Remembering George Wilson
I received some terribly sad news this week. a phone call from my distraught wife telling me that a great man had passed on. George William Wilson died on the 14th of May 2019 from a heart attack, there was no suffering. He was aged 64. I went to George's funeral on Monday the 20th. It was more of a celebration of a life lived than a mourning of a life lost. It was a great gathering of film crew, family, and friends, all there to remember and farewell a man who had boundless energy, skills and help to offer all those who knew him.

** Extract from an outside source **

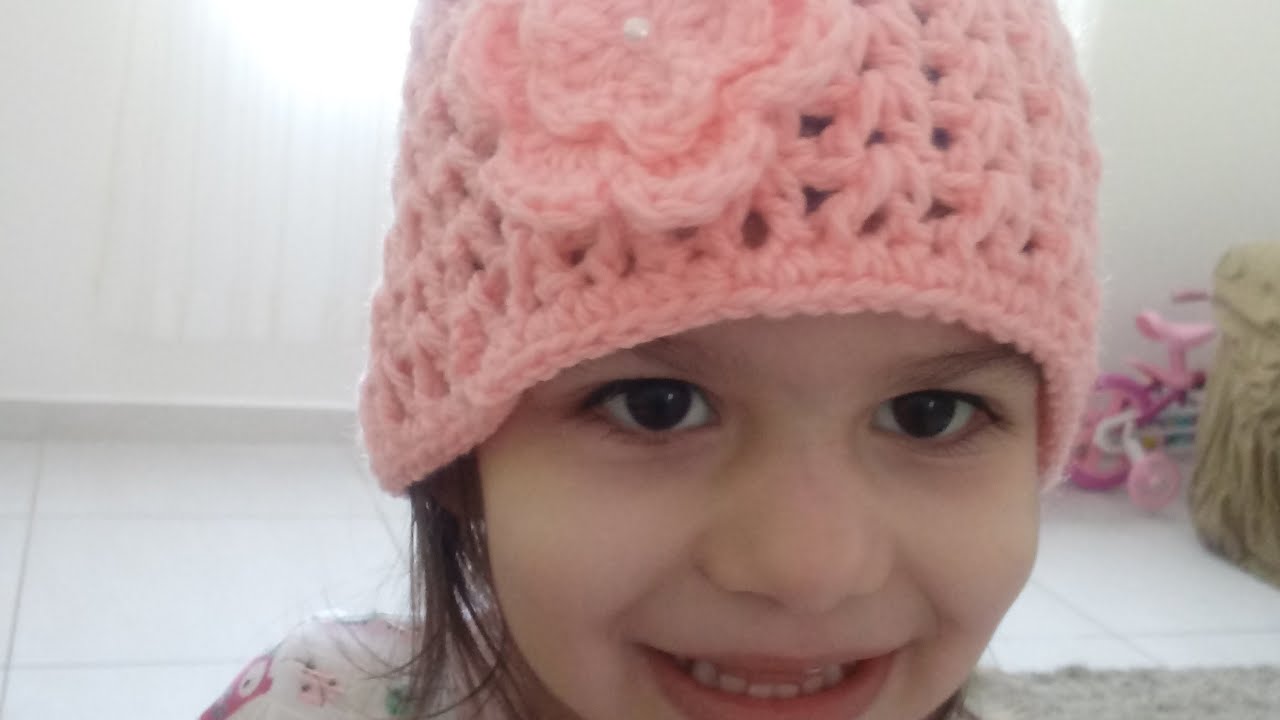 #Passo a Passo touca infantil veste 2 a 3 anos de idade #super rápida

It made me realise that you never truly know a person until you have been to their funeral and listened to the story of a life lived, from the many perspectives of such varied times and places. George the Grip, George the concrete maker, George the gold miner, the digger driver, the hippy, the bush lawyer, boat captain, camera repair man, accountant and inventor, the self-taught engineer. Not to forget also father, grandfather, loving brother, son, and friend to many.

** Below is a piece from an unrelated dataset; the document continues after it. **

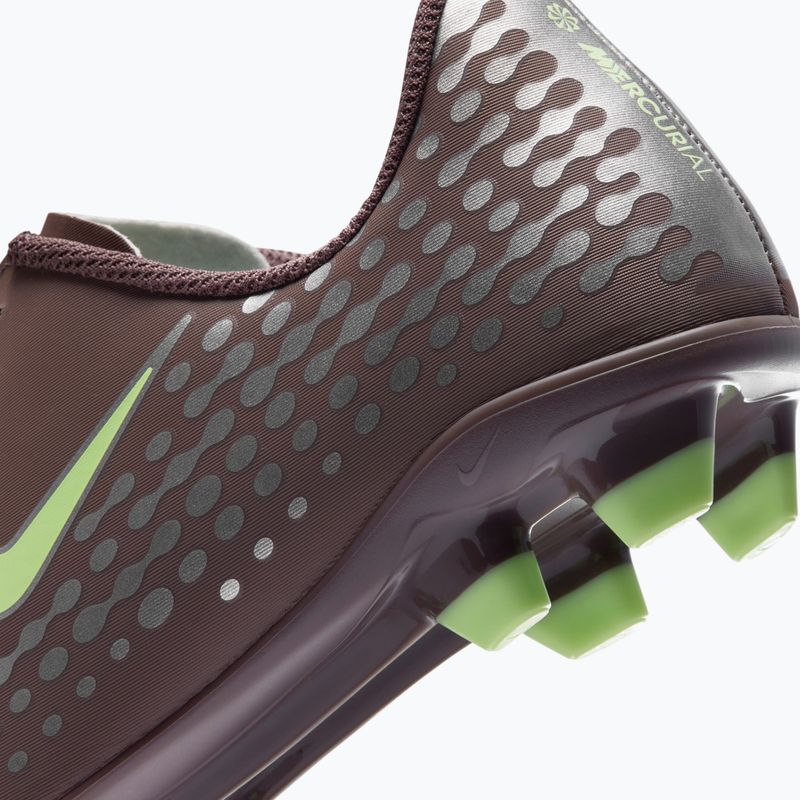 Vaikiški futbolo bateliai Nike Vapor 16 Club Kylian Mbappe FG/MG plum eclipse/metallic silver 8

I was lucky enough to meet George at the beginning of my gripping career, when I was given to him as a project to make me into a more useful member of the team.
George was not sure what to make of his new charge. I was a 30-year-old chef with zero gripping skills. With a gentle mixture of club-handed sarcasm and a lot of patience, George managed to teach me enough to survive the first 3 or 4 years of a 15-year career, his practical skills were unmatched and his knowledge base was as deep as it was varied.
It was only at his funeral that I discovered from stories told by siblings of adventures and escapades that showed George’s penchant as an inventor began at an early age, as he rebuilt and designed bigger, faster, and wilder bikes sourced from dumps and garage sales. He learnt to weld at an age most kids would be learning how to fly a kite. He never courted trouble, only stumbling on it by accident and finding a way out of it with skill and logic.
George often found the line, blurred it a bit and occasionally crossed it, sometimes for his own advantage, sometimes in defense of another. This sense of justice served him well over the years, standing up for the underdog and working through many long paperwork battles to get the right thing over the line. Many would have buckled, not our George.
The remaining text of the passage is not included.